All-time Olympic basketball scoring champ Oscar Schmidt of Brazil was officially announced for induction into the Naismith Basketball Hall of Fame Monday alongside Rick Pitino, Bernard King, Gary Payton, and UNLV coach Jerry Tarkanian.
Schmidt may never have played in the NBA, and didn’t even win an Olympic medal in his five tries between 1980 and 1996. But many believe the Brazilian star’s scoring exploits against the U.S. were partly to blame for the creation of the famous 1992 Barcelona Dream Team.
That’s because Oscar led his national team to an upset of the U.S. on their home soil at the 1987 Pan-Am Games in Indianapolis. That night the legendary Brazilian scored 48 points in a 120-115 gold medal win over a team that included NBA No. 1 overall picks David Robinson, Danny Manning, and Pervis Ellison.

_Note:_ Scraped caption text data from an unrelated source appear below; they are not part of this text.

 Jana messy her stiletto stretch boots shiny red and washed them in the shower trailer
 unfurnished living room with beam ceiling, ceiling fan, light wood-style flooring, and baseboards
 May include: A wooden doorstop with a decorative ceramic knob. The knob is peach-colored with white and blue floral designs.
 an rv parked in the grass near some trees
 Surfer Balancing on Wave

Oscar himself was drafted by the New Jersey in the sixth round of the 1984 draft, but turned down the Nets to instead play in Italy and later Brazil, where he accumulated 49,737 career points.

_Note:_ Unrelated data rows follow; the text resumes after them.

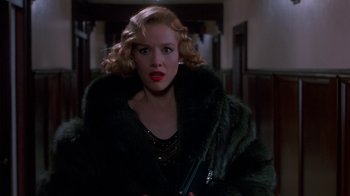 Movie still from “The Shadow” (1994), directed by Russell Mulcahy – A woman with blonde hair wearing a black fur coat; Close Up shot, Low angle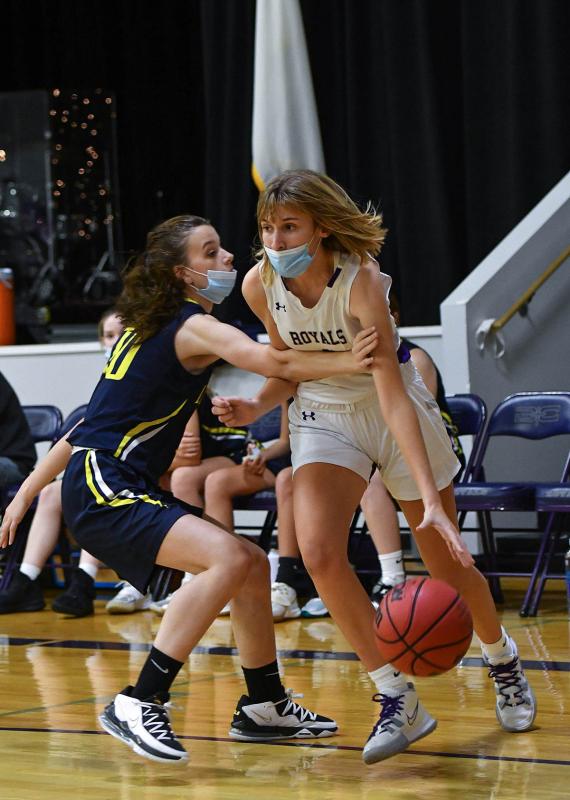 Royals junior Ainsley Bell drives baseline and is fouled by Eagles senior Kirstyn Hubbs.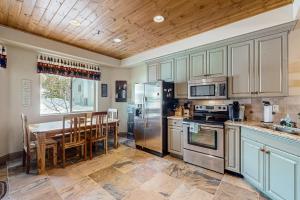 a kitchen with stainless steel appliances and a wooden ceiling at Steps to Brian Head Resort: Ski Home w/ Games in Brian Head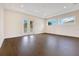 Spacious bedroom with hardwood floors and balcony access at 400 W Hazel St, Orlando, FL 32804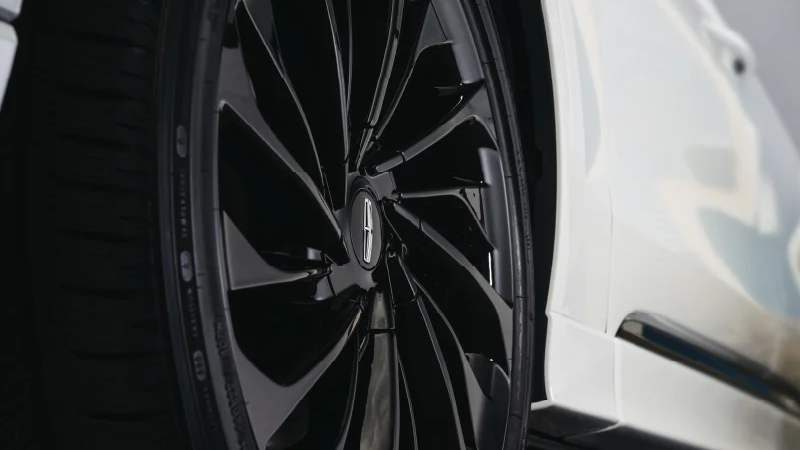 An up-close shot of a Lincoln wheel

Oscar earned some amount of fame in 1992 when Charles Barkley was regularly asked about the Brazilian’s scoring. At the time, the future NBA MVP claimed to not be scared of Oscar, and often made fun of the attention he received. But Barkley has since said he has a great deal of respect for Oscar, who scored 24 points as a “35-year-old second stringer” in his game against the Dream Team, and another 26 in 1996.
Oscar still holds the record for most points all-time in the Olympics with 1093, and for most points averaged during an Olympics when he put up 42.3 per game in Seoul. He’s the only player ever to eclipse 1,000 in an Olympic career and was also a seven-time scoring champ in the Italian leagues.